The woman was Amelia Boynton Robinson (1911-2015), and a famous photo of that shocking moment helped galvanize the civil rights movement. It was taken during the “Bloody Sunday” march at the Edmund Pettus Bridge in Selma, Alabama, on March 7, 1965.
That attack by White officers against peaceful Black demonstrators horrified the nation and led to the passage of the Voting Rights Act. It also revealed the toughness of Robinson, dubbed “the matriarch of the voting rights movement.”
“I wasn’t looking for notoriety,” Robinson later said. “But if that’s what it took, I didn’t care how many licks I got. It just made me even more determined to fight for our cause.”

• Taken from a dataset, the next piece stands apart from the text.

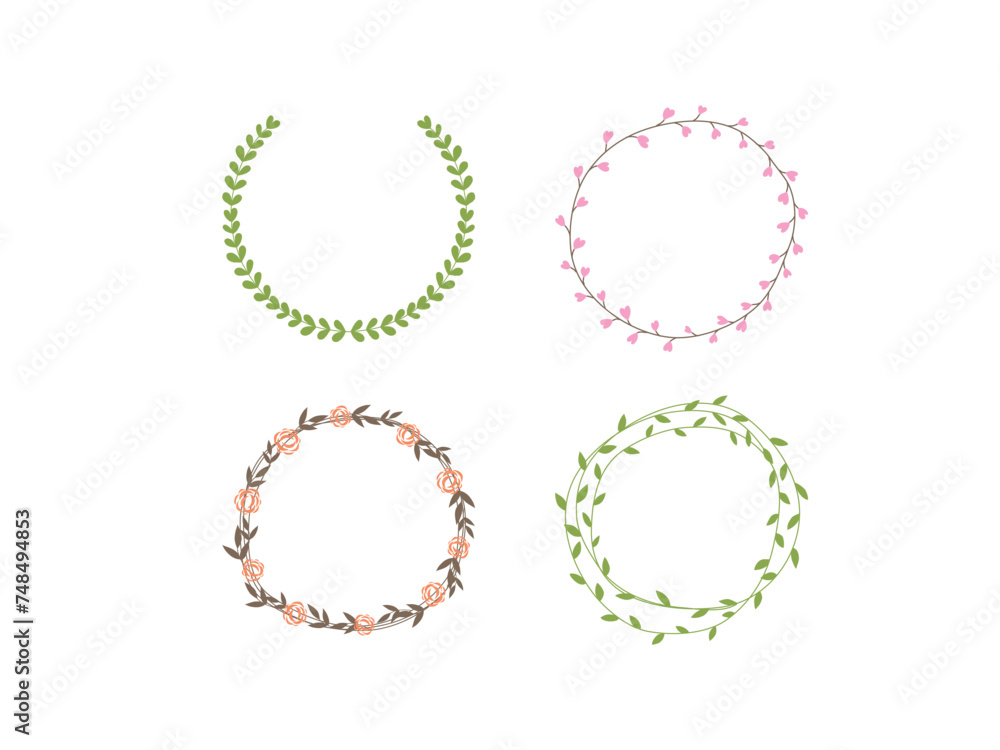 Floral Frame Collection. Set of cute retro flowers arranged un a shape of the wreath perfect for wedding invitations and birthday cards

Robinson had been fighting for Black voting rights long before Selma. As far back as the 1930s, she was registering Black voters in Alabama – a brave undertaking that could have cost Robinson her life in the Jim Crow South. In 1964, she became the first African American woman to run for Congress in Alabama.

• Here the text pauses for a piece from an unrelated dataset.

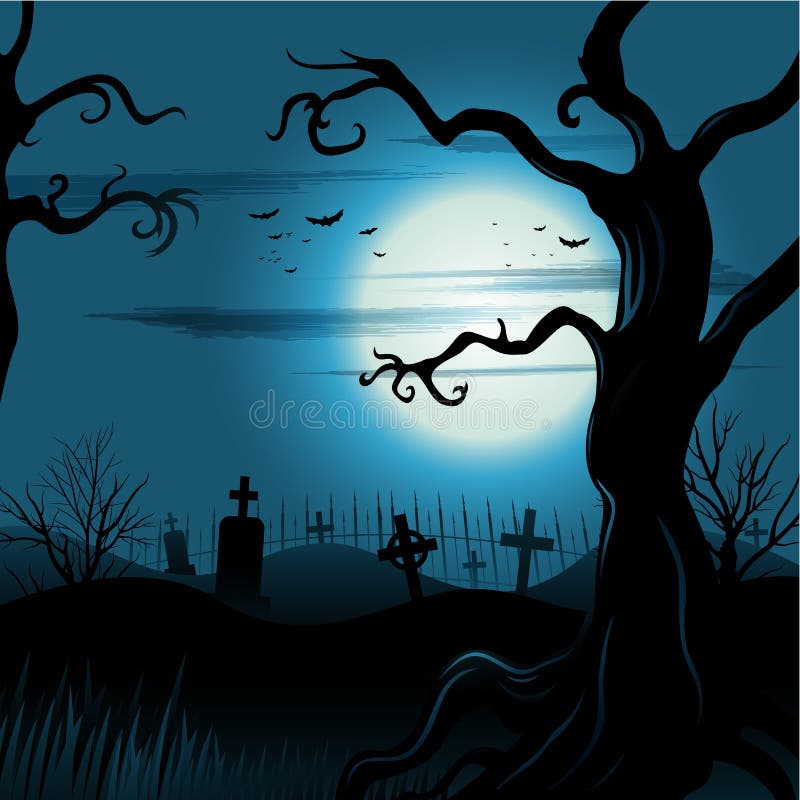 Fondo terrificante di Halloween dell'albero con la luna piena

President Obama honored her half a century later when he clutched her hand – she was frail by then, and in a wheelchair – as they crossed the Selma bridge in March 2015 to commemorate the 50th anniversary of Bloody Sunday. Robinson died five months later at age 104.
“She was as strong, as hopeful, and as indomitable of spirit — as quintessentially American — as I’m sure she was that day 50 years ago,” Obama said at her death. “To honor the legacy of an American hero like Amelia Boynton requires only that we follow her example — that all of us fight to protect everyone’s right to vote.”